This is a description of the electric assist motor I added to my bike to help me climb hills. I was inspired by the weedwhacker powered assist that John Tetz built for his F-40, and was moved to action when I found a nice little DC motor in a surplus store for the grand sum of $7.50.

What I hoped to accomplish
We've all had the experience of wishing we could get a little help going up hills. I'm no different. What I really wanted, though, was just a little bit of help. Not an electric scooter that would transport me effortlessly to the summit, just something to take the edge off.

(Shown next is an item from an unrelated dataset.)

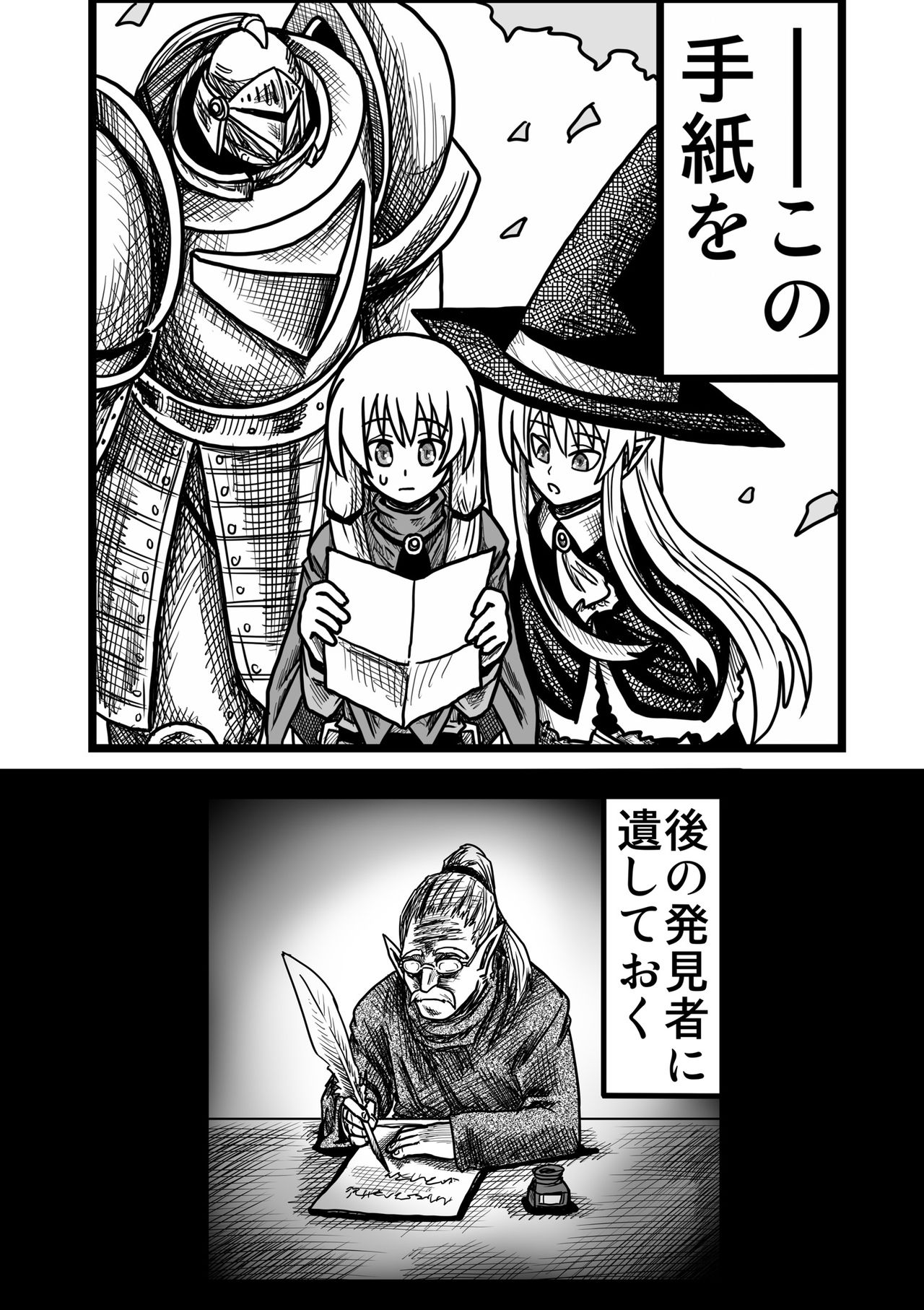 Yousei no Mori nite - Page 146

Learning about the power plant
Before I could go about designing the actual drive system, I needed to find out more about the motor. I'm an engineer by trade, and got lucky: we happened to have the manufacturer’s catalog on the shelf. Here is a graph of motor power versus motor rpm:

For those more comfortable thinking in watts, 1horsepower=746 watts. That's a lot of power, far more than any but world-class riders are able to produce.

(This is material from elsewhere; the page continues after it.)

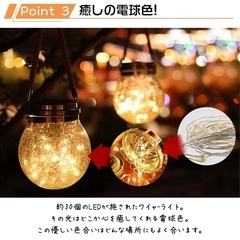 ソーラー電気の画像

The power graph above shows that the motor’s power output changes with the speed at which it runs, and that power peaks at 1500 rpm. The next graph shows the relationship between motor speed and efficiency. Efficiency is how much of the electricity going to the motor is converted into power; the remainder becomes heat and is wasted.

This graph shows that efficiency also changes with motor speed: however, it peaks at a higher speed than motor power .I decided that It was more important for me to add as little weight as possible to the bike: if I chose instead to try to get the most power out of the motor, I would need to lug a bigger battery around or put up with a short battery life. The average human can make about 1/10 (0.1) horsepower on a long ride. I can get about 0.09 horsepower, or 0.9 human power, from the motor at 2100 rpm: this would give me a nice boost uphill, but wouldn’t turn my bike into an “electric motorcycle” by overwhelming my power output.

Designing the drivetrain
The basic idea was to leave the bike's basic drivetrain intact, and have the motor add power "upstream" of the existing crank. In other words, the motor is attached to the bike's crank by means of a chain. I decided to place the motor about in the middle of the frame, so that means the motor sends power forward to the crank.

I found one other motor characteristic from the graphs: its efficiency drops off a lot if it’s not running at its most efficient speed. To keep it spinning at its best speed, I decided to run it through the bike’s gears, so that when I shift to keep my legs at their optimum cadence, the motor will also stay in its optimum speed range.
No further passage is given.